株式に投資することはリスク(=不確実性)が伴います。従って、リスクを負うのであれば、通常はそれに見合ったリターンを求めます。この株式投資をすることに対する要求リターンの水準(=期待収益率)をマーケットリスクプレミアムといいます(例えば、年率5%)。

βはベータ

ベータとは、細かい議論は端折りますが、個別株式が市場全体のベンチマークと比較してどれほどリスクがあるか、を表します。

例えば、A社株は、市場全体(例えば、日経平均)が1%値上がりしているところ、2%値上がりしました。すると、A社株のβは2.0となります(A社株は市場全体より2倍リスクがある)。

A社株は市場全体よりも値動きが激しいのでリスクが高い、と考えられる、ということです。

以上から、A社の株主資本コストは公式から以下の通り計算されます。

A社の株主資本コスト = 1%+2.0×(5%-1%)= 9%

よって、A社株式に投資する(リスクを負う)ならば、年率9%ぐらいのリターンをくださいね、ということが期待されているという結論になります。

WACCとは?

WACCとは、Weighted Average Cost of Capitalの頭文字を取ったものです。そして、公式は以下の通りです。

WACC  =  負債コスト × 負債比率 + 株主資本コスト × 株主資本比率

会社が事業を運営するためには、資金が必要です。

資金の調達はどのようにするのか?

そういえば、資金調達については前に「財務三表」のトピックで扱ったね

答えは返済の義務がある借入金と返済の義務がない株式出資金、でしたね。

先ほど株主からの出資金のコストについては解説しました。

銀行との契約上銀行が要求する利率は明記されているため、借入金のコストはシンプルで、以下の通りです。

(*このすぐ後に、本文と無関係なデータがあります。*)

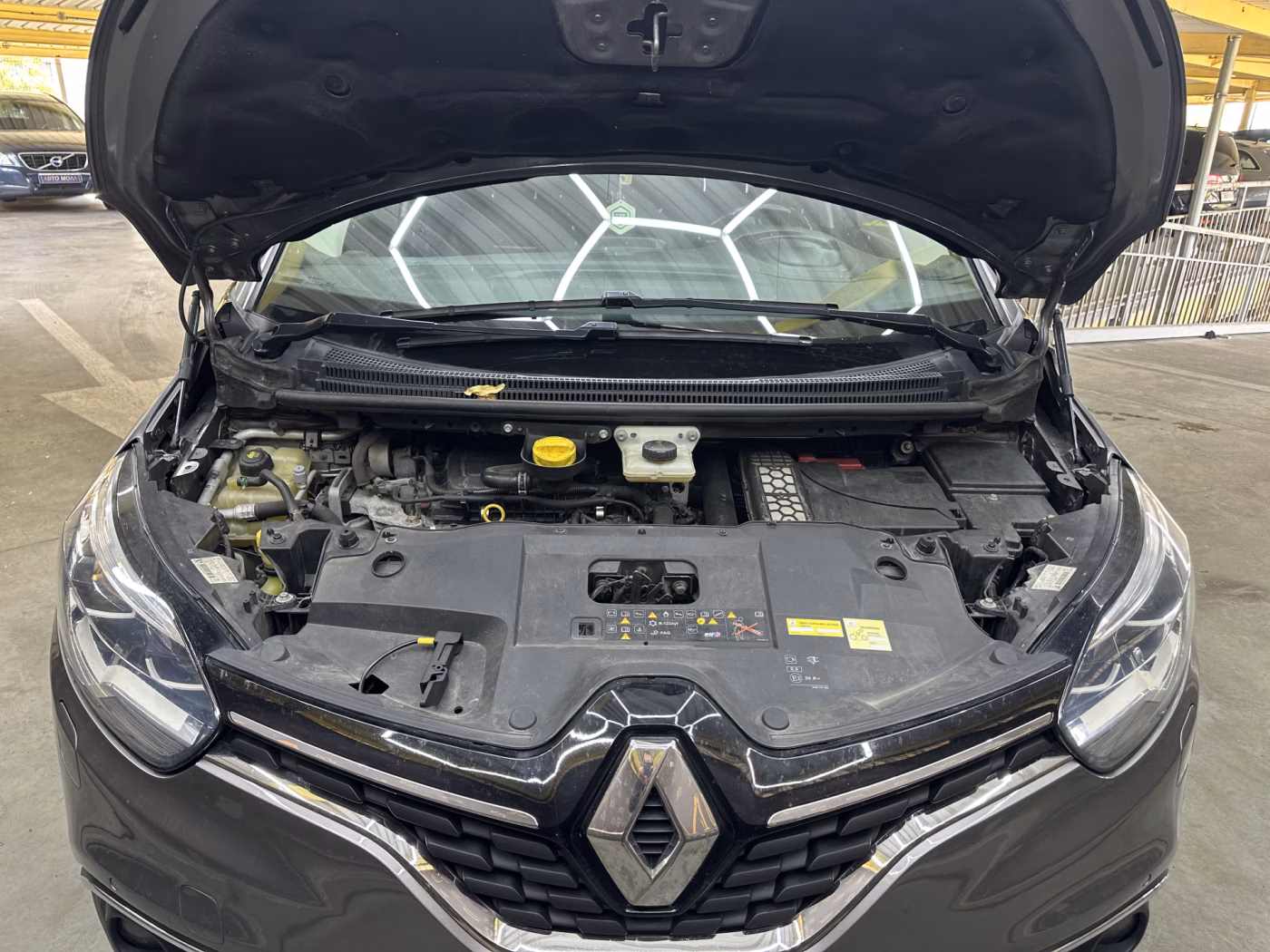 Renault Grand Scenic фото 29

借入金コスト負債コスト = 借入金の利率 × (1-税率)

借入金の利息は、税金上損金算入が可能なので、税金を減らす効果を考慮しているんだね
損金算入については、以前のトピックで扱ったね

これにて、借入金コストと株主資本コストがわかりました。

以上を用いれば、企業の資金調達のコストが計算できると思いませんか?

資金調達コストの計算の際には、加重平均という概念を使います(簡単です)。

例として、A社の例として以下をご覧ください。

ここで今まで扱ってきたA社の例でWACCを計算してみます。

以上から、A社の負債コストを3%、株主資本コストを9%、比率を3:7とすると、WACCは7.2%となります。

この7.2%がA社の資金調達コストの加重平均(=WACC)となる、ということです。

いかがでしたか?

今回はファイナンスの基礎編として、ファイナンスの基礎となる知識を要点だけお伝えしました。

それではVi ses!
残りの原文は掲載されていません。